= What you will do =
Skip the pictures. Retype exactly, and only, the lines between the line holding "240mm 4core Amord Cable" and the last line below, inclusive.

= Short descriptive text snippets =
####

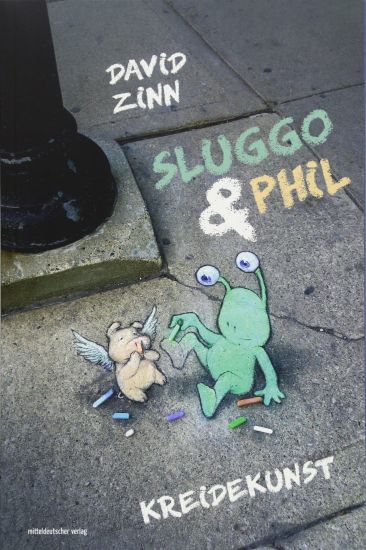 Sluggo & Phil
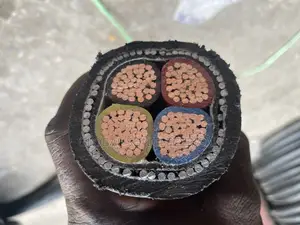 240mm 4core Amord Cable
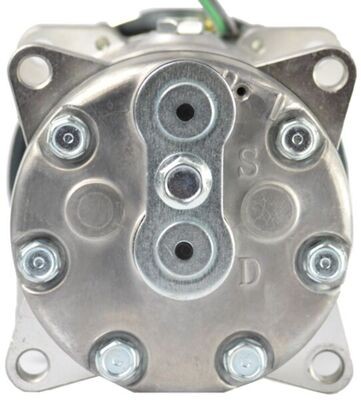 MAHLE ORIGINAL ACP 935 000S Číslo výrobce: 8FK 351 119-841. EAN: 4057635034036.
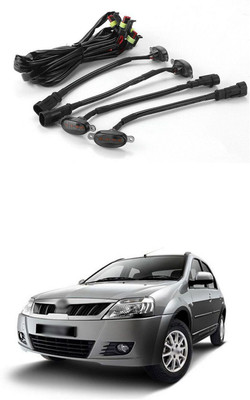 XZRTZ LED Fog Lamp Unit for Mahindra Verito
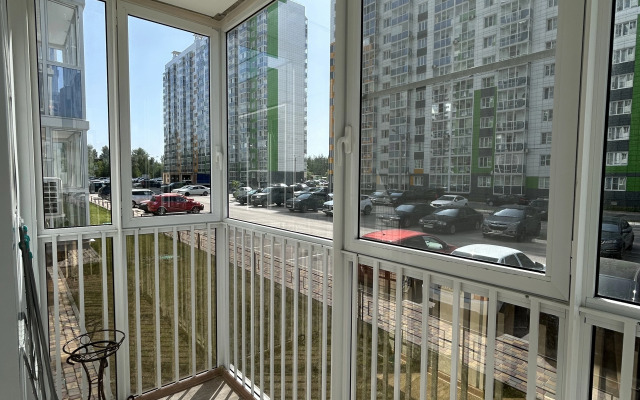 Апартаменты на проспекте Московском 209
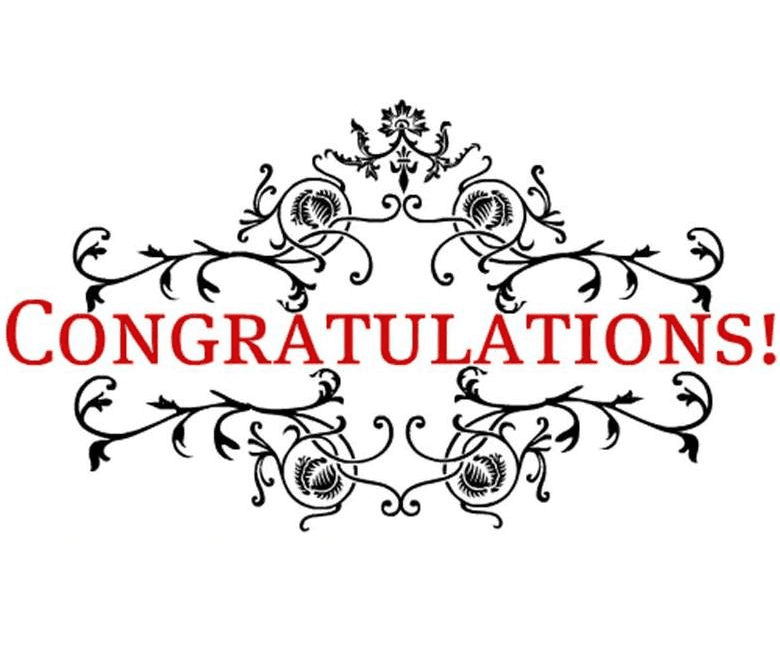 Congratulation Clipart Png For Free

####

= Answer to the exercise =
 240mm 4core Amord Cable
 MAHLE ORIGINAL ACP 935 000S Číslo výrobce: 8FK 351 119-841. EAN: 4057635034036.
 XZRTZ LED Fog Lamp Unit for Mahindra Verito
 Апартаменты на проспекте Московском 209
 Congratulation Clipart Png For Free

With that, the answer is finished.